Segment Start: MATERIAL PROVIDED
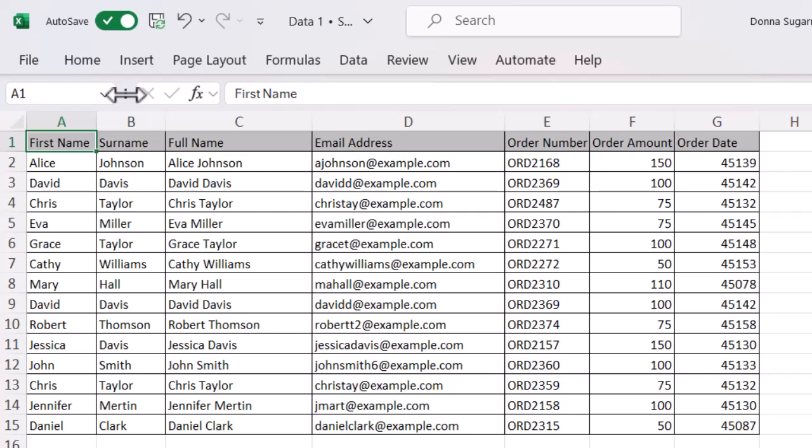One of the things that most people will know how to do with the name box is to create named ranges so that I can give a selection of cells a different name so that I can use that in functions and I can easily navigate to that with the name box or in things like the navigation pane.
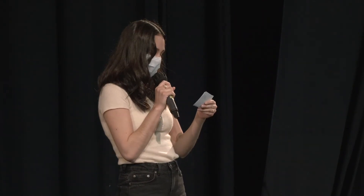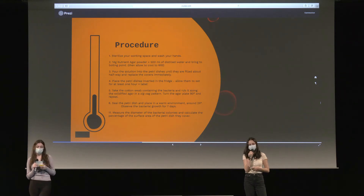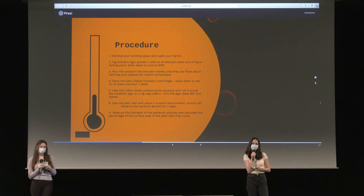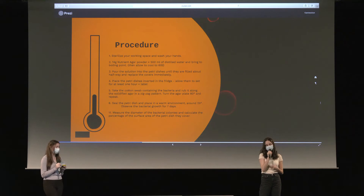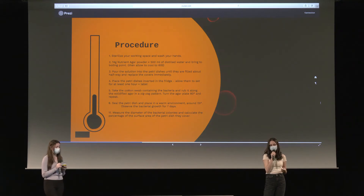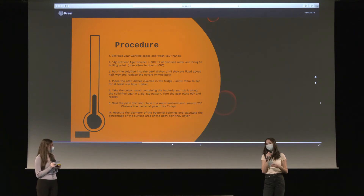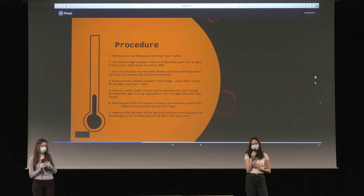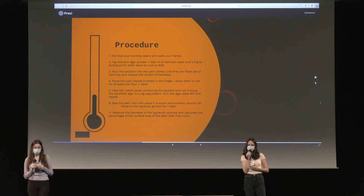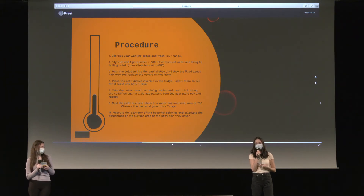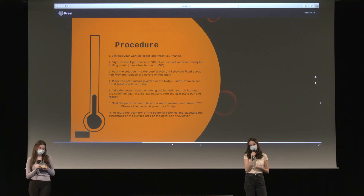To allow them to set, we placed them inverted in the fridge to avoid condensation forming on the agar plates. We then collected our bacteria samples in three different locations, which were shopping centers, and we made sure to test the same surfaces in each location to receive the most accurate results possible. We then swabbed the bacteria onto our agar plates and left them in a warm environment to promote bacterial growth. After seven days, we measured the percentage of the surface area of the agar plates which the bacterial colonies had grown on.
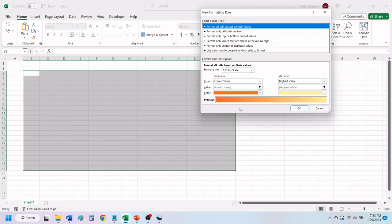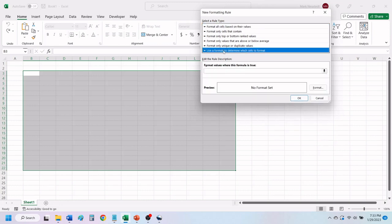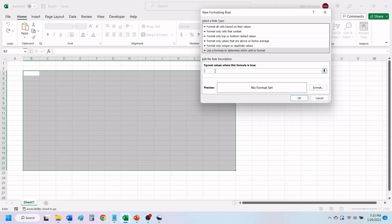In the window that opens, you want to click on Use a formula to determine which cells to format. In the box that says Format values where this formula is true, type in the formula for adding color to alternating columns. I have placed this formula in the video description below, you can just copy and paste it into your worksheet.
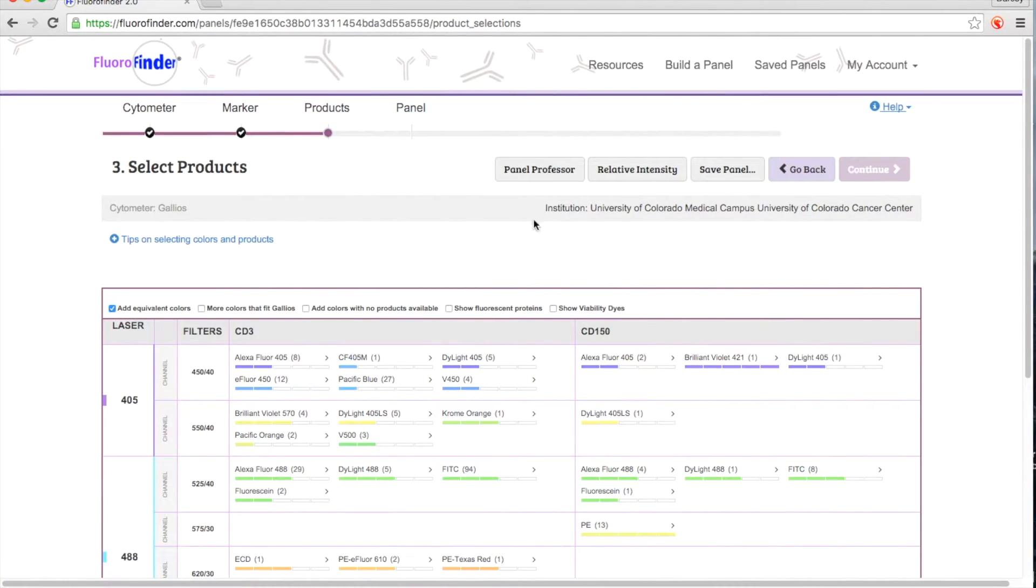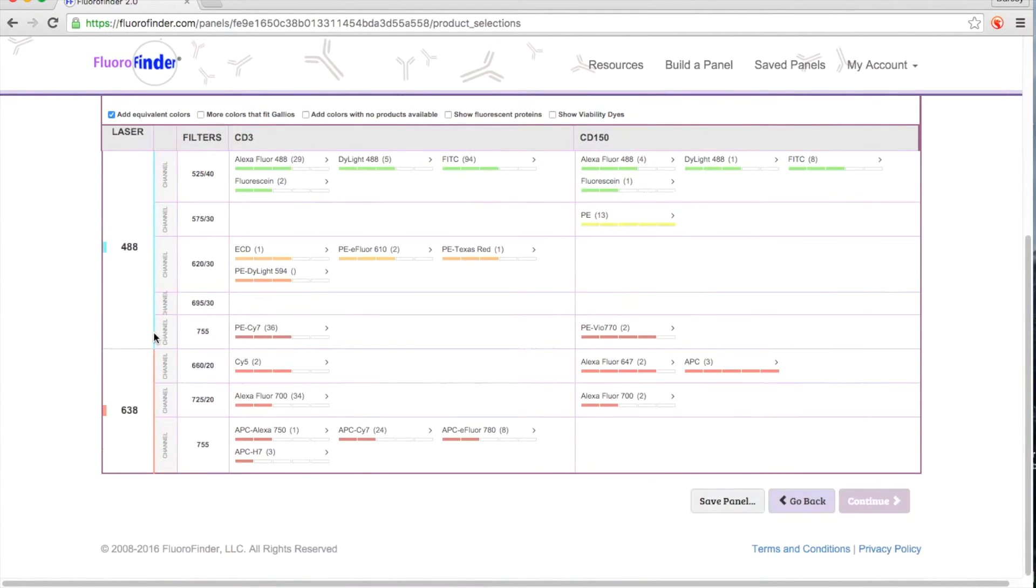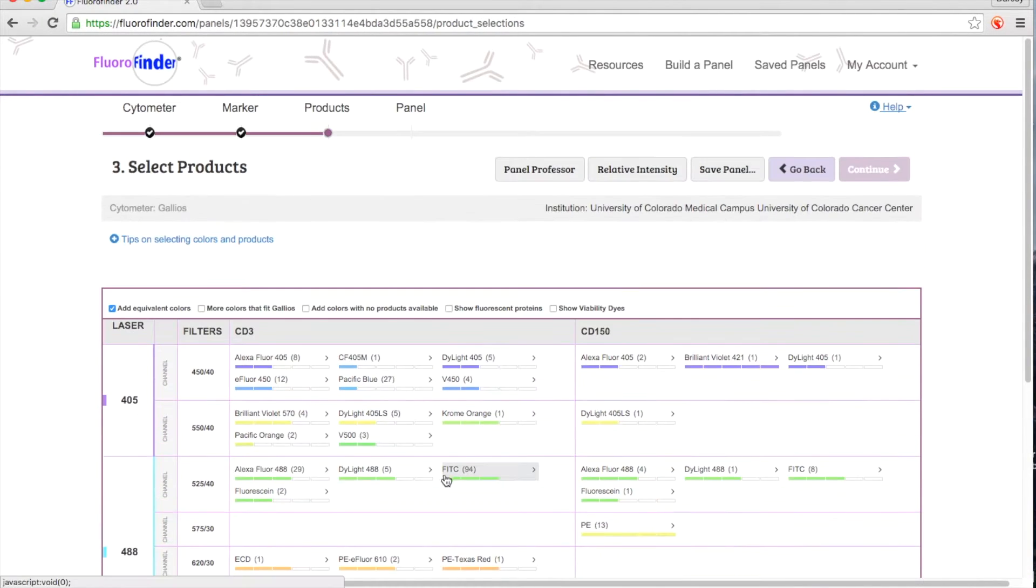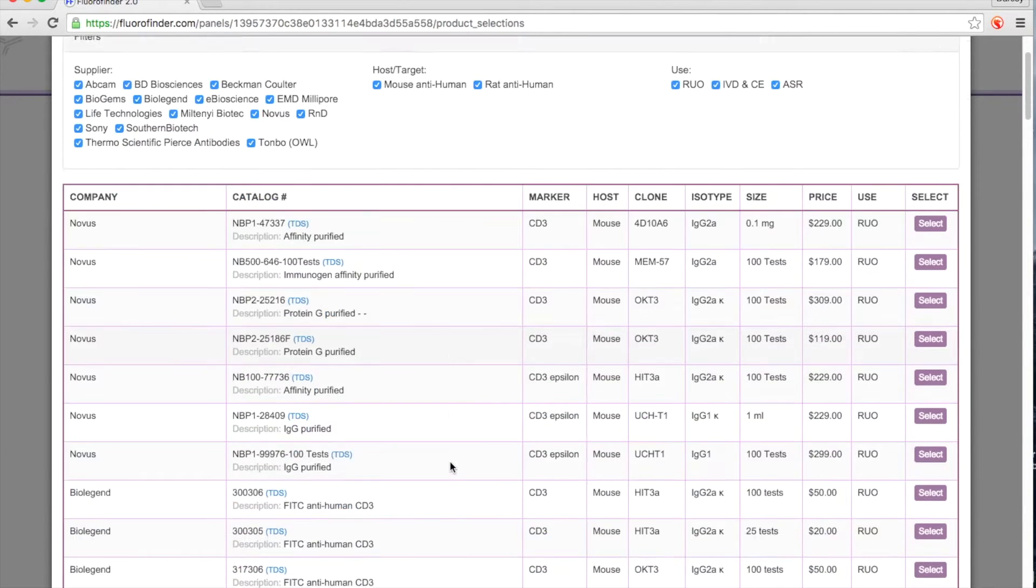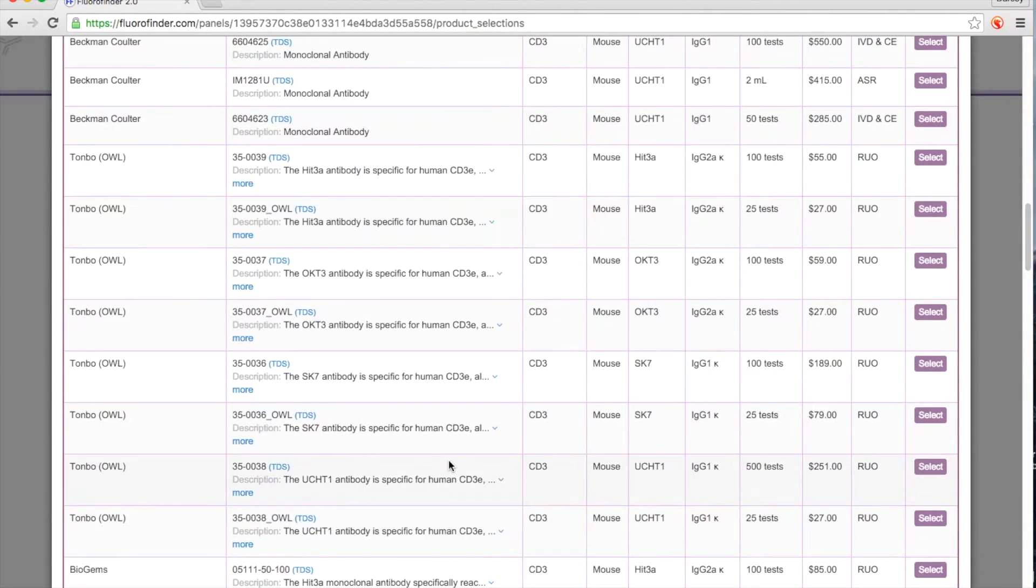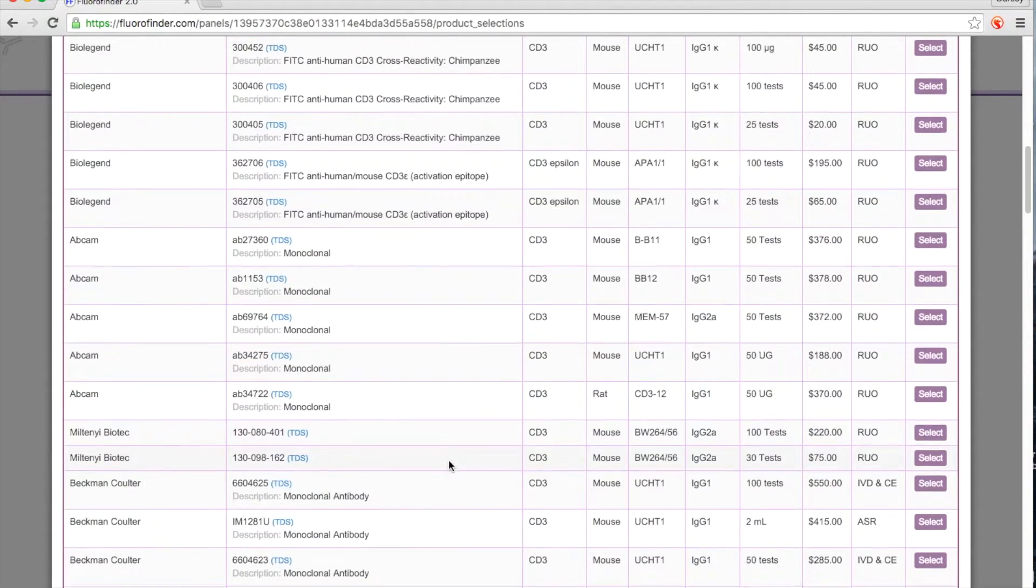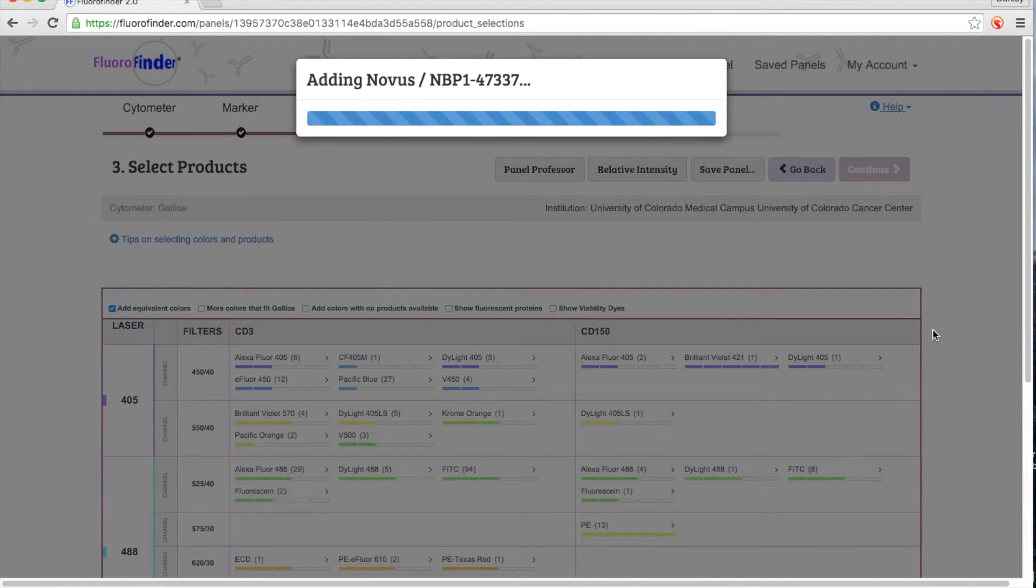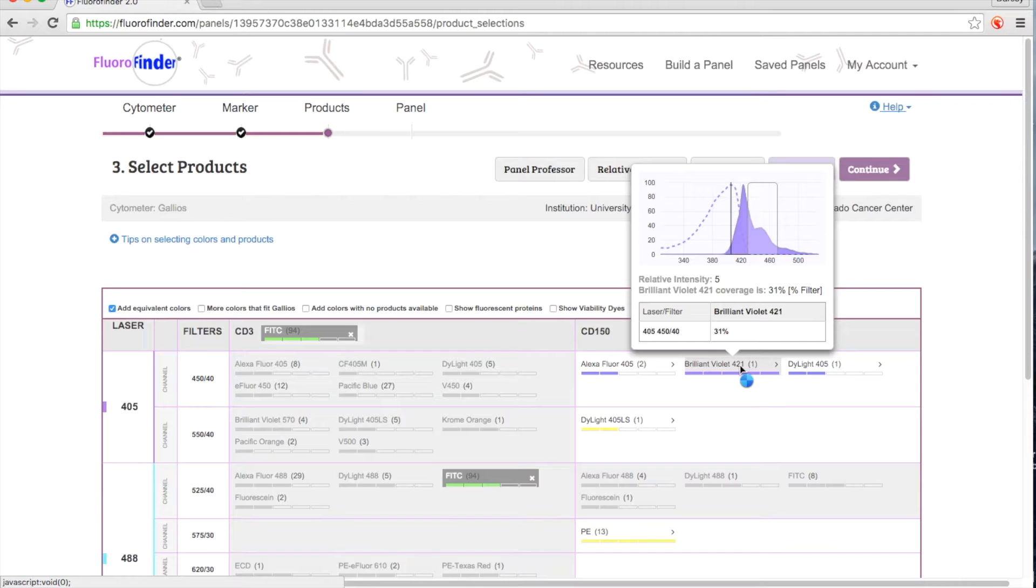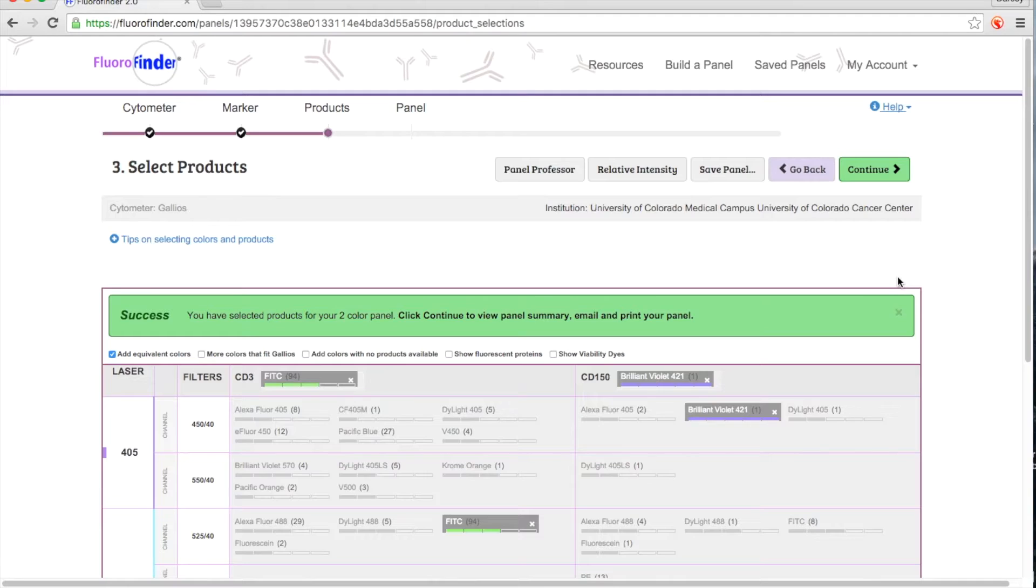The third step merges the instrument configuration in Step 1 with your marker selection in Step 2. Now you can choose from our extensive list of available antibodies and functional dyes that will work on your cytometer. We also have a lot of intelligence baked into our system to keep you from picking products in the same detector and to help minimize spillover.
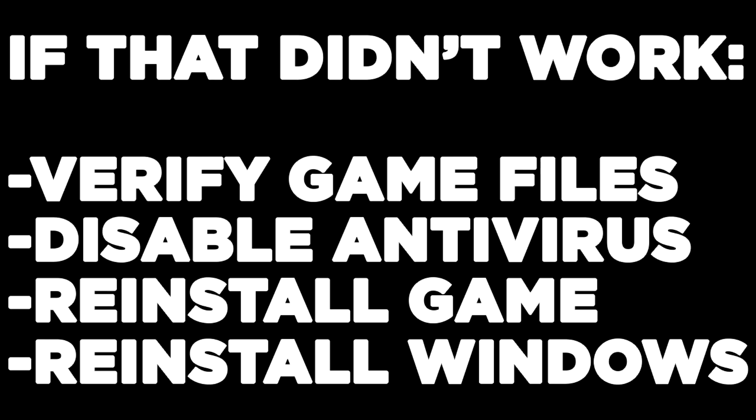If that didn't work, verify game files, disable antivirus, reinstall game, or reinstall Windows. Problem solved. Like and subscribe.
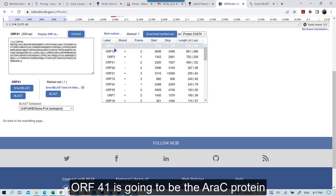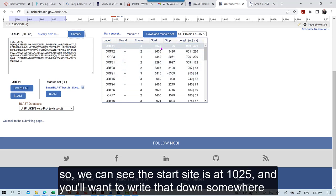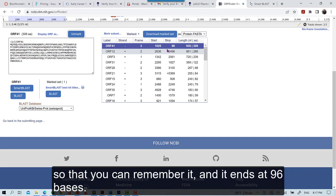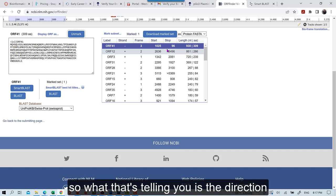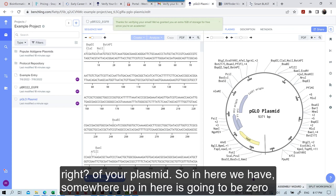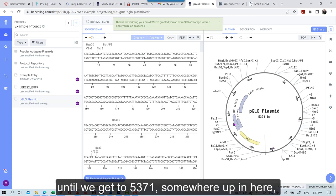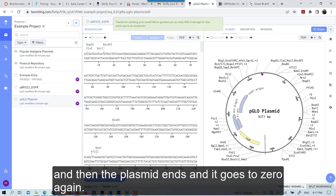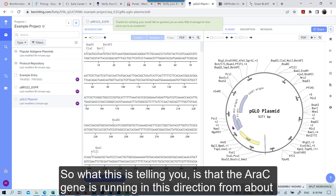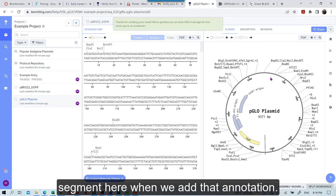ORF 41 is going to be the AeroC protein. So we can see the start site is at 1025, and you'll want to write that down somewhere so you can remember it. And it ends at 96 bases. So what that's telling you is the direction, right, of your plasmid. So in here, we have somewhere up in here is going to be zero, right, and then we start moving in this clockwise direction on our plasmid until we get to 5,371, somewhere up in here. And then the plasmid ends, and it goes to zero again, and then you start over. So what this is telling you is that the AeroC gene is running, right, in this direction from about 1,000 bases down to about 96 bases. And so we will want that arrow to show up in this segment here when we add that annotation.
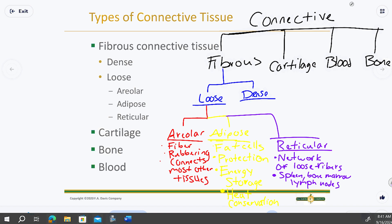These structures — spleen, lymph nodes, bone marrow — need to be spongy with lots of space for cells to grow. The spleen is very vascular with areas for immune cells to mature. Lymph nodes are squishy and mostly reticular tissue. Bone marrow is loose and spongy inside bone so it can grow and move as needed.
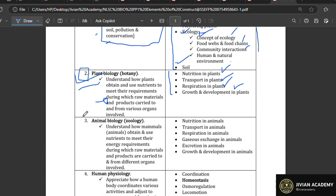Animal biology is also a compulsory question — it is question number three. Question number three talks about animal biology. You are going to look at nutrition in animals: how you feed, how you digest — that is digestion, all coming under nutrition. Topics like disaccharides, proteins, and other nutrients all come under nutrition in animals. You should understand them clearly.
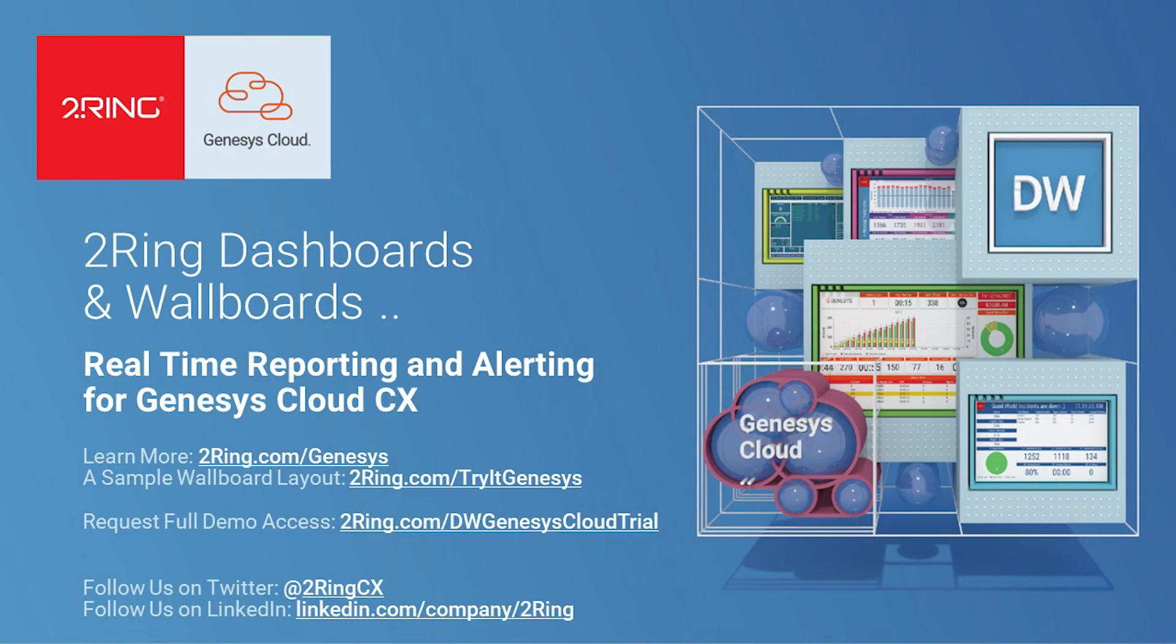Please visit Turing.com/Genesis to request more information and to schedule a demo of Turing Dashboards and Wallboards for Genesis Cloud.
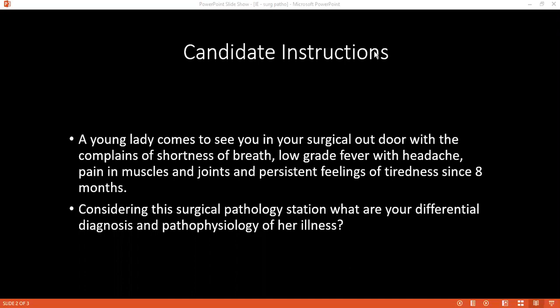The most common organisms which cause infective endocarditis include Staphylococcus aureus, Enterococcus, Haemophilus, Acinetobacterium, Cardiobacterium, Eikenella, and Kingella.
Segment End: MATERIAL PROVIDED
→ WORK INSTRUCTIONS
Look above for the line with "The third step" and the line with "Animal biology is"; set down those two lines and all lines between them exactly, without pictures and without anything else.

→ EXPECTED OUTPUT
The third step merges the instrument configuration in Step 1 with your marker selection in Step 2. Now you can choose from our extensive list of available antibodies and functional dyes that will work on your cytometer. We also have a lot of intelligence baked into our system to keep you from picking products in the same detector and to help minimize spillover.
If that didn't work, verify game files, disable antivirus, reinstall game, or reinstall Windows. Problem solved. Like and subscribe.
ORF 41 is going to be the AeroC protein. So we can see the start site is at 1025, and you'll want to write that down somewhere so you can remember it. And it ends at 96 bases. So what that's telling you is the direction, right, of your plasmid. So in here, we have somewhere up in here is going to be zero, right, and then we start moving in this clockwise direction on our plasmid until we get to 5,371, somewhere up in here. And then the plasmid ends, and it goes to zero again, and then you start over. So what this is telling you is that the AeroC gene is running, right, in this direction from about 1,000 bases down to about 96 bases. And so we will want that arrow to show up in this segment here when we add that annotation.
These structures — spleen, lymph nodes, bone marrow — need to be spongy with lots of space for cells to grow. The spleen is very vascular with areas for immune cells to mature. Lymph nodes are squishy and mostly reticular tissue. Bone marrow is loose and spongy inside bone so it can grow and move as needed.
Animal biology is also a compulsory question — it is question number three. Question number three talks about animal biology. You are going to look at nutrition in animals: how you feed, how you digest — that is digestion, all coming under nutrition. Topics like disaccharides, proteins, and other nutrients all come under nutrition in animals. You should understand them clearly.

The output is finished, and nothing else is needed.